Lalu kita hendaknya belajar kepada matahari. Sang surya terbit dari ufuk timur, dari posisi terendah di cakrawala. Perlahan naik sampai kurang lebih pukul 12 siang, saat itulah matahari berada pada posisinya yang paling tinggi.Kemudian berangsur turun ke barat sebelum akhirnya tenggelam di cakrawala yang terendah. Itulah gejala alam, yang memberi tahu kita semua bahwa matahari saja ada saatnya turun. Apakah manusia bisa melebihi alam, tidak mau turun? Ada awal, pasti ada akhir. Ada kelahiran, pasti ada kematian. Bunga berkembang akan layu, rontok dan habis. Jabatan, kedudukan, bahkan kekayaan juga demikian. Maka dikatakan: Tidak ada pesta yang tidak berakhir. Bisa diangkat, juga bisa rela dilepaskan.

 

Jiwa yang tenang lagi lapang bukan berarti yang berlaku lamban, melainkan cermat dalam berpikir dan hati-hati dalam memilih.Tenang adalah tentang penyampaian kabar buruk dengan cara yang bijak, penyampaian fakta keras dengan cara yang lembut. Tenang juga dapat diartikan sebagai perealisasian sebuah kerumitan dengan cara yang sederhana, pemberitahuan berita panas dengan cara yang dingin atau penolakan berat dengan cara yang ringan dan lain sebagainya. Berdasarkan surat Ar Ra’d (13) ayat 28 berikut ini: “Yaitu orang orang yang beriman dan hati mereka menjadi tenteram dengan mengingat Allah. Ingatlah, hanya dengan mengingat Allah hati menjadi tenteram. (surat Ar Ra’d (13) ayat 28)”. Allah SWT  mengemukakan bahwa hati adalah tempat diletakkanya ketenangan dan ketentraman.Dimana ketenangan dan ketentraman ini adalah buah dari mengingat Allah dari waktu ke waktu yang dilandasi dengan keimanan yang berkualitas di dalam diri manusia.

 

Sekali lagi kami tegaskan bahwa tenteram dan tenangnya hati adalah bukanlah sesuatu yang datang begitu saja ke dalam hati manusia.
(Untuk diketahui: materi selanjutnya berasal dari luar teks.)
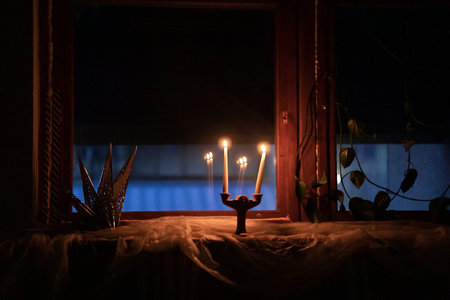 Burning candles in a candlestick on a dark background. Selective focus.の写真素材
Ketentraman dan ketenangan dalam hati hanya bisa diraih oleh orang yang beriman yang selalu mengingat kepadaNya (dzikir) dari waktu ke waktu yang dilanjutkan dengan melakukan perilaku dari yang kita ingat mengenai Allah SWT sehingga tersenyumlah Allah kepada diri kita. Dan adanya ketenangan dan ketentraman dalam hati akan menjadi obat dari segala penyakit hati dan kekacauan hidup.